The other thing that really attracts me to fishing is the enormous sense of optimism and potential that I feel. Every time I head to the water, it doesn’t matter what the results of my last fishing trip were, I’m confident. When I’m walking down to a creek for the first time or driving a boat toward the open water, I’m anticipating how that fish will feel on my line. Any prior trips that were less than successful are somehow temporarily erased from my memory. It’s like going back to childhood where your spirit was completely intact. As we grow up, society can squash parts of our spirit. With our day-to-day lives of repetition and routine, pure optimism is not overly common in today’s world. But for some reason, fishing brings me back to childhood and my overwhelming sense of hope. YOU should try it!

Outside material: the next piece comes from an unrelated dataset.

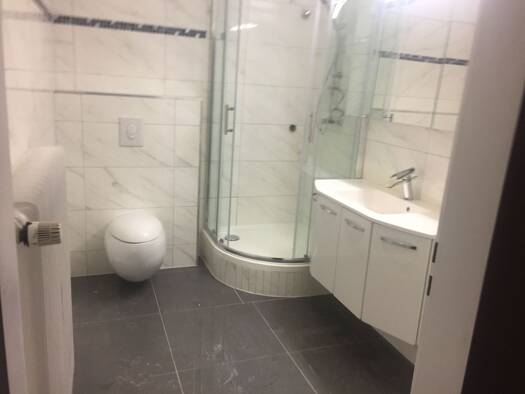 Wohnung zum Kauf provisionsfrei 115.000 € 1 Zimmer 46 m² 3 Geschosse frei ab sofort Adenstedt Ilsede 31246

Outdoor Adventures Blog-Fishing 2
It does not matter where you live, there’s a place to go fishing. Within a few hours, there’s always an ocean, lake, stream or city pond. And although you may not catch a fish every time, you will have a wonderful experience trying. Many anglers strictly prefer catch-and-release. Others take their fish home and cook up a tasty meal. Either way the choice is up to you. What’s important is that you get outside in the fresh air and feel that sense of potential you remember as a child.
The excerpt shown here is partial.